Timothy John Smith and Kate Shindle in in the Huntington Theatre Company’s production of Gina Gionfriddo’s RAPTURE, BLISTER, BURN. May 24 – June 30, 2013 at South End / Calderwood Pavilion at the BCA. photo: T. Charles Erickson.

It is summer, and Catherine Croll (Kate Shindle) a successful scholar and TV pundit, has come home to a small New England town to care for her mother, Alice (Nancy E. Carroll), after Alice’s heart attack.
It gives her a chance to catch up with Gwen Harper (Annie McNamara), once her classmate in a graduate program. But there is as backstory, of course, that will closely connect the dots. Gwen’s husband Don (Timothy John Smith) was actually Catherine’s beau, until Catherine left for London for a year-long fellowship and Gwen moved in, forsaking her graduate degree to become Don’s wife and a mother.

Now both are questioning the tracks they took, Catherine for the lack of a family and Gwen for giving up a career to be a mother and homemaker.
Gwen asks Don to set up Catherine with a temporary appointment at his college while she is back in town, and she ends up teaching a class on feminist theory that ends up conveniently — just a little bit too conveniently, for my taste — with just two members in it: Gwen, and Avery Willard (Shannon Esper), Don and Gwen’s 21-year-old babysitter, who presents the younger generation’s views on sex, love and marriage.

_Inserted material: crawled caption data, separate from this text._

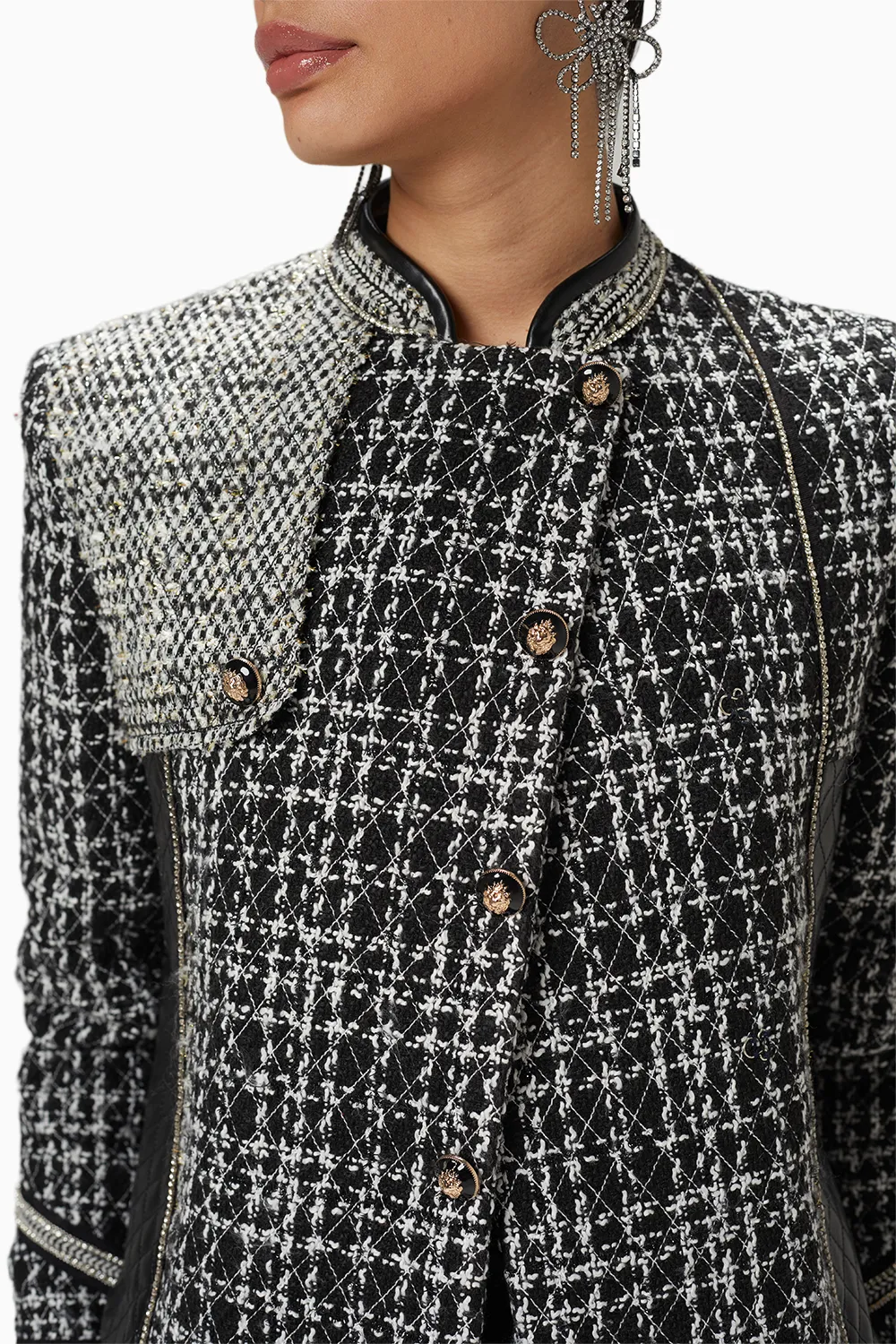 Black & White Tweed Biker Jacket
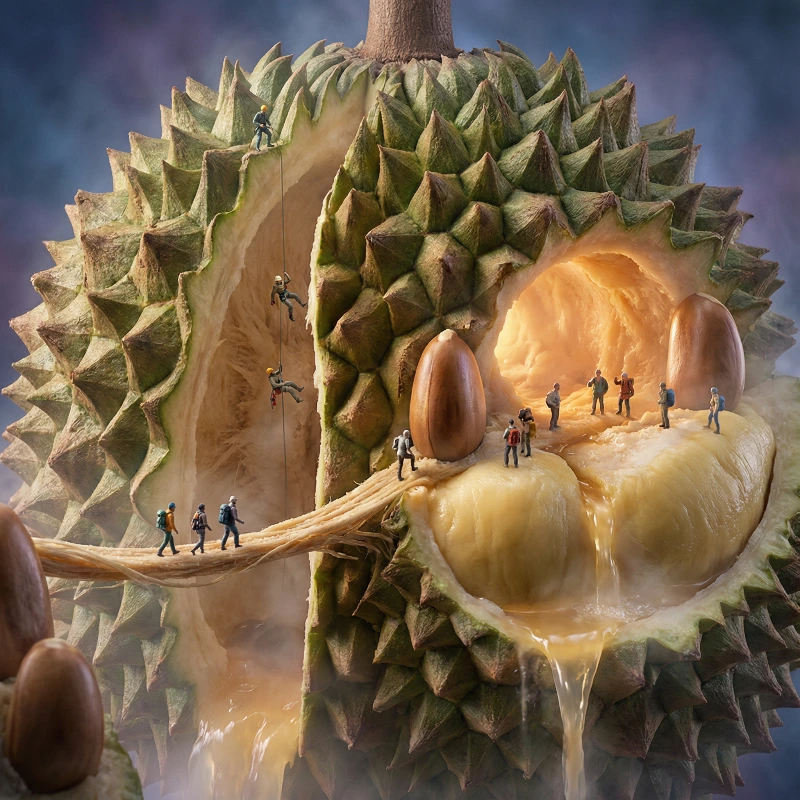 Giant Durian Expedition, created using a Nano Banana Prompt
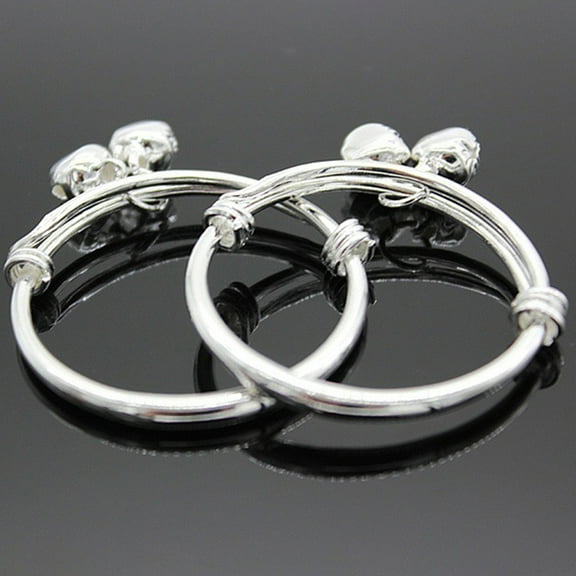 Naierhg Bracelet Embossing Design Adjustable Jewelry Bell Pendant Baby Bangle for Toddler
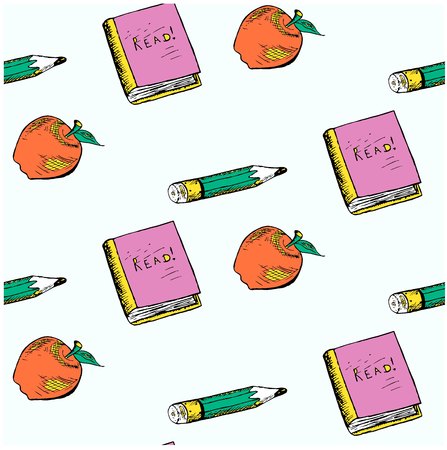 Seamless school objects background. Ink sketch, violet, green, red, yellow doodle apple, pencil, book on white, stock vector illustration design element for web, for printのイラスト素材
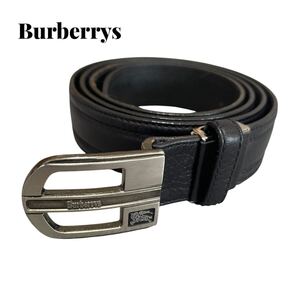 【1円〜】Burberrys バーバリー バーバリーズ レザーベルト ホースロゴ シルバー金具 黒革 ブラック 黒 ヴィンテージ VINTAGE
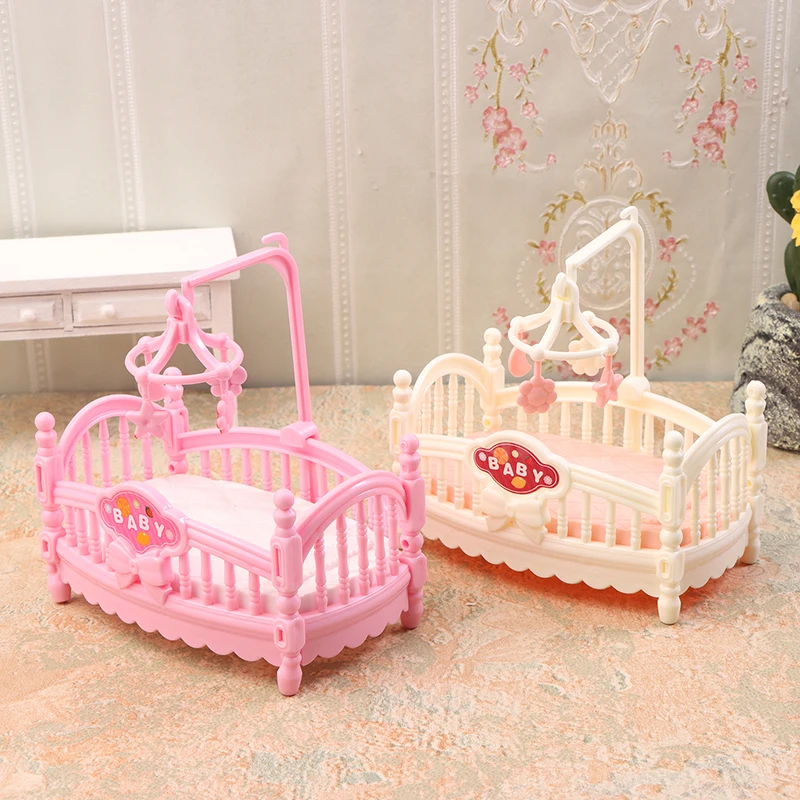 Mini cuna de simulación para casa de muñecas, modelo de cama de bebé, muebles de dormitorio, decoración, accesorios para casa de muñecas, 1 ud., 1/12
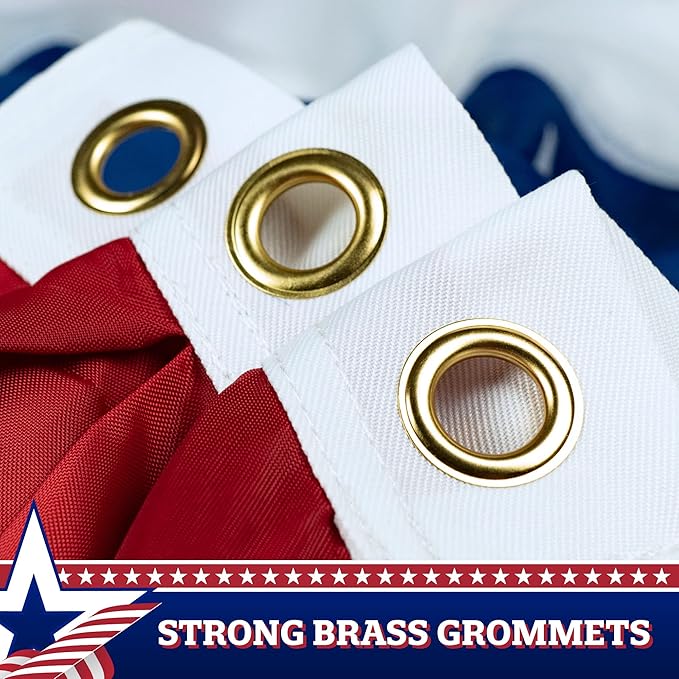 G128 – 10 Pack: USA Pleated Fan Flag, 1.5x3 Feet American USA Bunting Decoration Flags PRINTED 150D Patriotic Stars and Stripes with Canvas Header and Brass Grommets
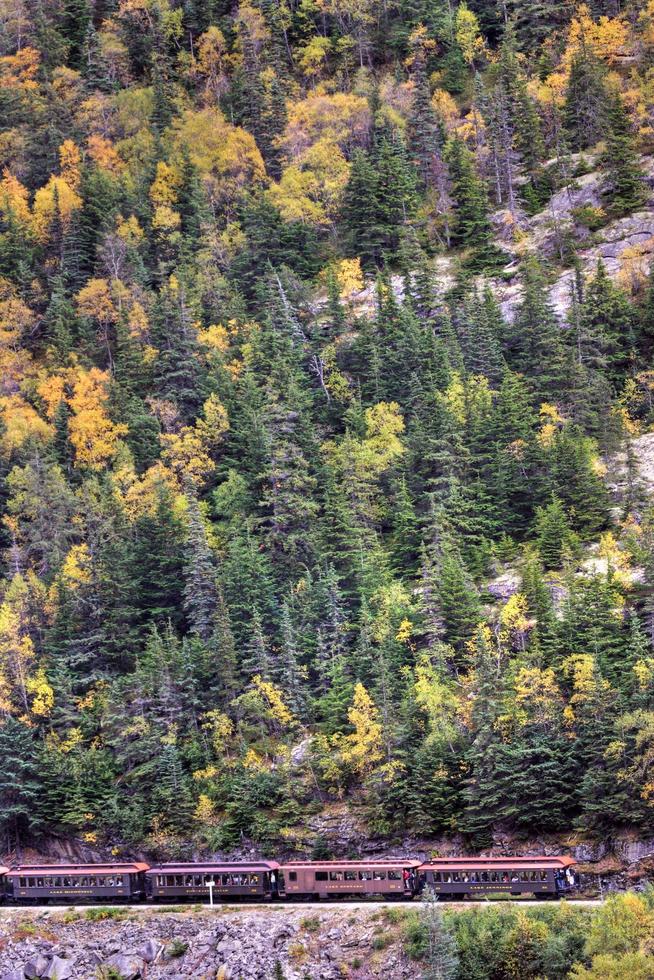 Zug fährt durch den White Pass in Alaska foto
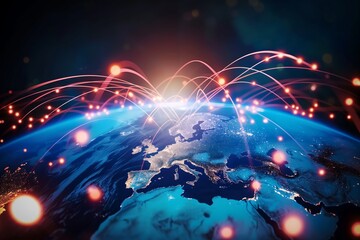 Abstract digital world map, concept of global network and connectivity on Earth, data transfer and cyber technology, information exchange and international telecommunication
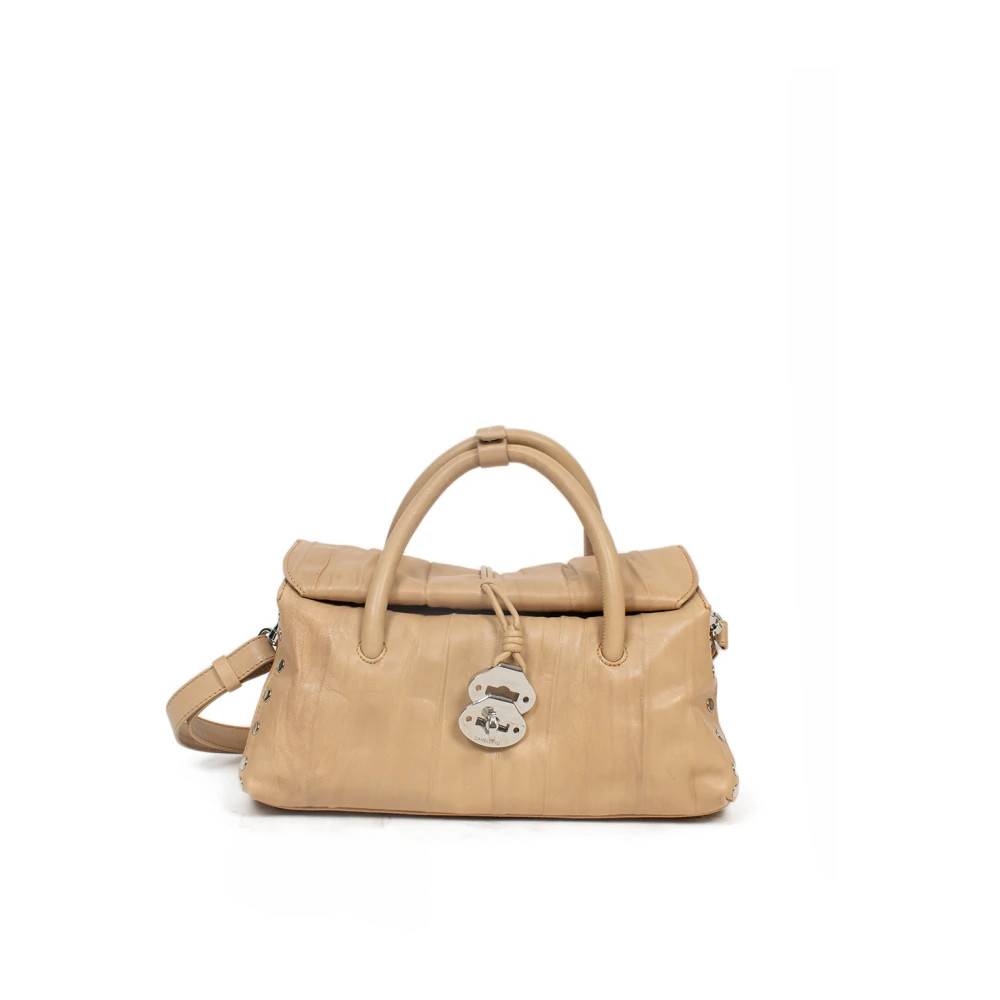 Zanellato Dotta Plissé Lille Top Handle Taske - Tasker - Dame - Beige - ONE SIZE - Uld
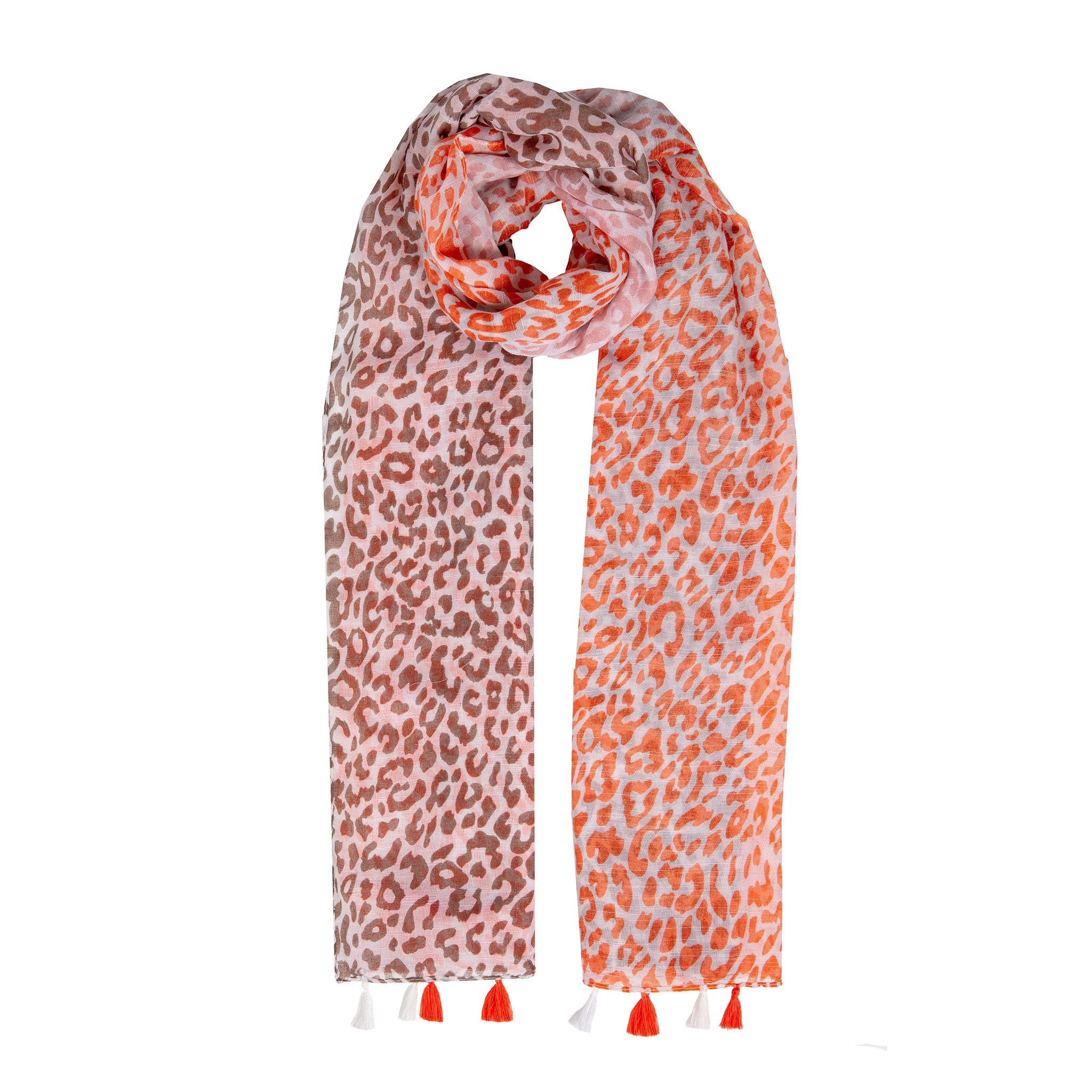 Women’s Leopard Print Lightweight Scarf with Tassels sold by Dents Gloves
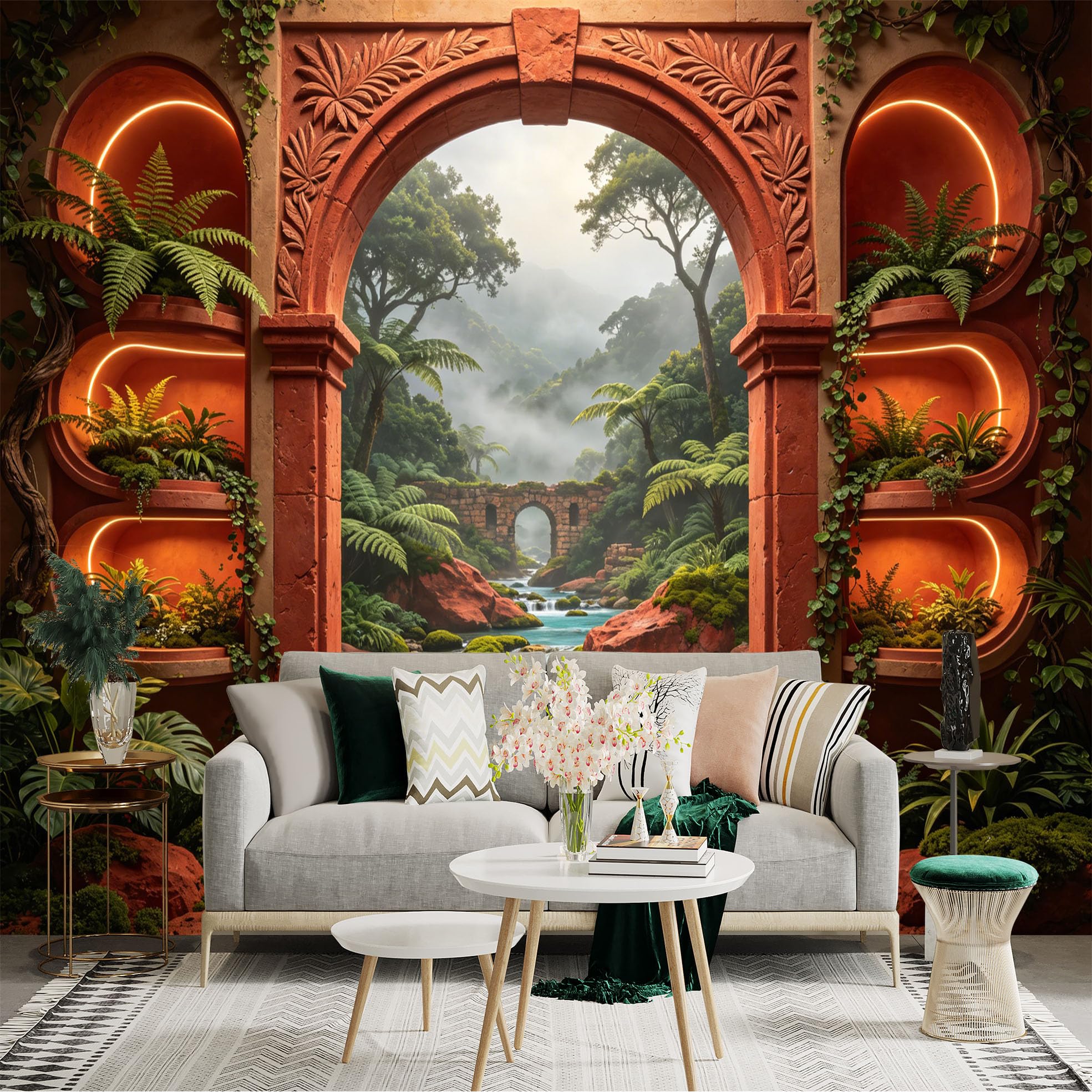 Custom Size Wall Sticker Mural， Tropical Jungle with Red Stone Archway， Waterfall and Lush Greenery， for wall Decoration， peelandstick wall Decals.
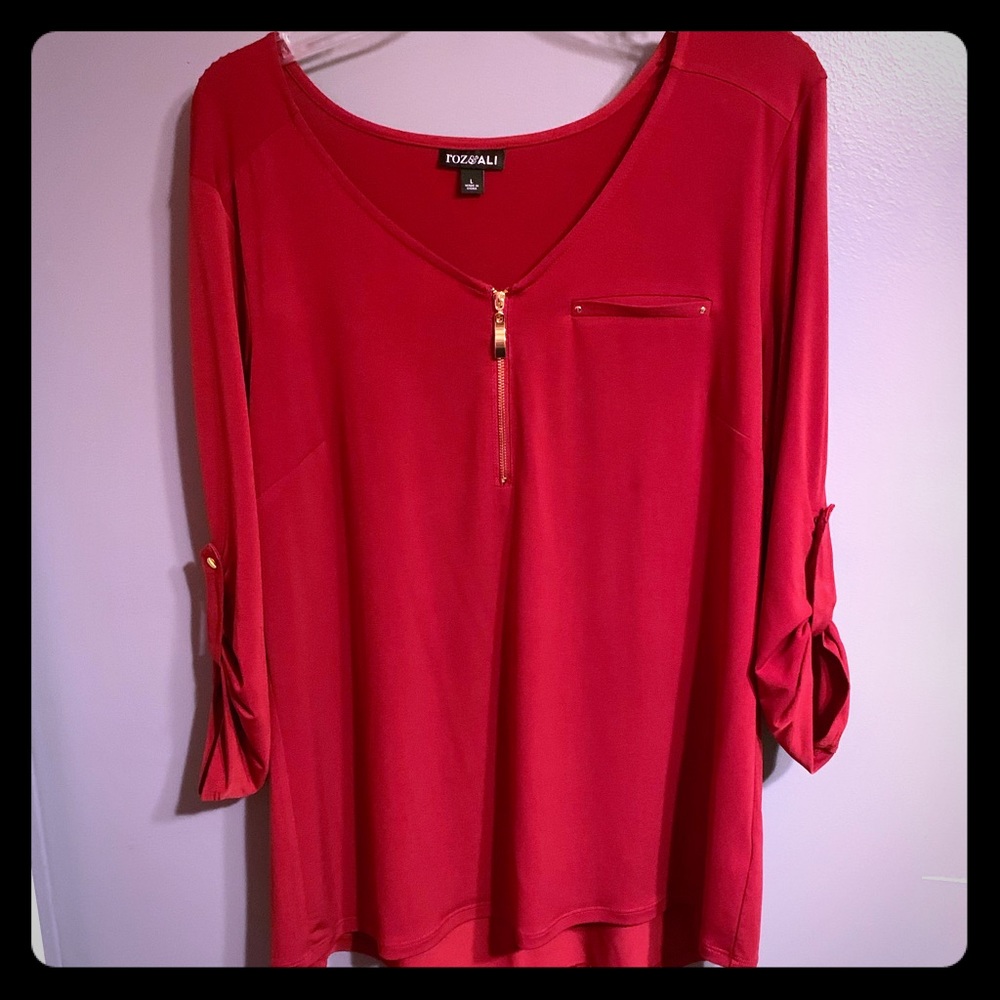 Red 3/4 sleeve blouse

Carroll as the aging Alice is the maternal glue who grounds the various characters. There is no denying her industrial strength comic timing — her “Time for a martini” draws laughs whenever she says it — and no one can make an entrance like Carroll, as Victor Garber et all found out in the Huntington‘s “Present Laughter.”
The martinis lead to revelations by all involved. Catherine is unsure about her decisions;
Avery questions the older generation’s hangups about sex; her current boyfriend, for instance, is just “hooking up” with another woman and having sex versus an actual emotional commitment, which is much more serious.
Gwen’s marriage is falling apart, with money woes adding to her husband’s pot and porn problems. She’d consider divorce, but can’t afford it.
“Having no money keeps us together,” she confides.
Then there is Alice, believing in commitment, and the kind of security that marriage provides.
Gionfriddo is not taking sides here, although housewife Gwen is by far most unsympathetic character. She presents through her characters the views from both ends pf the political spectrum, from Betty Friedan to Phyllis Schlafly.
As Don Harper, Timothy John Smith creates a drifting, feckless college dean with the aforementioned porn and pot problems, but the weather-beaten charm that first drew the women to him still surfaces occasionally.
He is stuck in a marital rut that he hopes he can climb out of via a reunion with — and a rekindling of — his previous relationship with Catherine.
Be careful, of course, what you wish for, which Gionfriddo reminds us at every twist and turn of as the plot evolves into a “trading places” scenario.
Catherine, who wants a real taste of what family life is like during her fling with Don, decides she will do everything she can to please him — including an overnight Bergman movie festival — in a bid to win him over permanently.
Gionfriddo reminds us once again our actions have consequences, and soon everyone’s world is turned upside down.
Yes, “Rapture, Blister, Burn” is talky, but in a good way, with sparkling, witty dialogue.
Director Peter DuBois has shown his comfort level in working with Gionfriddo’s “Becky Shaw,” previously, and his pacing is brisk.
Nonpareil set designer Alexander Dodge uses slide-in pieces that allow the action to change smoothly say, from a patio outside the Crolls’ home to a living room inside.
As the weather warms and moods lighten with it, “Rapture, Blister, Burn” provides a satisfying, funny coda to the Huntington season.
The Huntington Theatre Company production of Gina Gionffrido’s “Rapture, Blister, Burn.” Directed by Peter DuBois. At the Calderwood Pavilion in the Boston Center for the Arts through June June 30. www.huntingtontheatre.org.